Sql-server – SELECT TOP 1 DATEDIFF for each hour group

greatest-n-per-groupsql server

Does anybody know how could I select only the first entry for each hour and day from the example below?

Table

Created  ¦ Updated ¦ DATEDIFF(minute, Created, Updated)##
2016-11-11 18:00:49.590 ¦ 2016-11-11 22:57:35.153 ¦ 297
2016-11-11 18:00:49.590 ¦ 2016-11-11 22:57:34.897 ¦ 297
2016-11-11 18:01:49.433 ¦ 2016-11-11 22:57:34.467 ¦ 297
2016-11-11 18:01:49.433 ¦ 2016-11-11 22:57:33.397 ¦ 297
2016-11-11 18:02:49.373 ¦ 2016-11-11 22:57:33.127 ¦ 297
2016-11-11 18:02:49.373 ¦ 2016-11-11 22:57:33.457 ¦ 297
...
2016-11-11 17:00:10.833 ¦ 2016-11-11 20:35:31.020 ¦ 275
2016-11-11 17:00:10.833 ¦ 2016-11-11 20:35:31.210 ¦ 275
2016-11-11 17:01:10.723 ¦ 2016-11-11 20:35:30.807 ¦ 275
2016-11-11 17:01:10.723 ¦ 2016-11-11 20:35:30.527 ¦ 275
2016-11-11 17:02:10.180 ¦ 2016-11-11 20:35:30.293 ¦ 275
2016-11-11 17:02:10.180 ¦ 2016-11-11 20:35:30.423 ¦ 275
...
2016-11-11 16:00:10.473 ¦ 2016-11-11 20:17:31.020 ¦ 257
2016-11-11 16:00:10.473 ¦ 2016-11-11 20:17:31.210 ¦ 257
2016-11-11 16:01:10.754 ¦ 2016-11-11 20:17:30.807 ¦ 257
2016-11-11 16:01:10.754 ¦ 2016-11-11 20:17:30.527 ¦ 257
2016-11-11 16:02:10.342 ¦ 2016-11-11 20:17:30.293 ¦ 257
2016-11-11 16:02:10.342 ¦ 2016-11-11 20:17:30.423 ¦ 257

Data expected

2016-11-11 18:00 ¦ 297
2016-11-11 17:00 ¦ 275
2016-11-11 16:00 ¦ 257

Best Answer

Assuming this is SQL Server, you can truncate datetime values to hours using this technique:

DATEADD(HOUR, DATEDIFF(HOUR, 0, @YourDateTimeValue), 0)
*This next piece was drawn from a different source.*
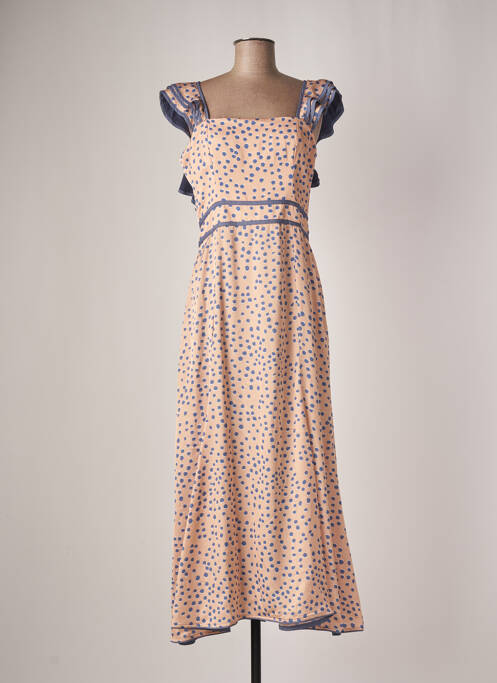 Rochie lungă bej AZULU fată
Using that as a grouping criterion, you can then use the FIRST_VALUE analytic function (assuming you are on SQL Server 2012 or later version) to get the first DATEDIFF(MINUTE, Created, Updated) per group:

SELECT DISTINCT
  x.CreatedHour,
  DiffMinutes = FIRST_VALUE(DATEDIFF(MINUTE, t.Created, t.Updated))
                OVER (PARTITION BY x.CreatedHour
                      ORDER BY t.Created ASC
                      ROWS UNBOUNDED PRECEDING)
FROM
  dbo.YourTable AS t
  CROSS APPLY
  (
    SELECT DATEADD(HOUR, DATEDIFF(HOUR, 0, t.Created), 0)
  ) AS x (CreatedHour)
;

Since the FIRST_VALUE function would return the result for every row of your table, it would return identical values for entries created in the same hour, thus giving you a lot of duplicates. It is to suppress those duplicates that the above query is using DISTINCT.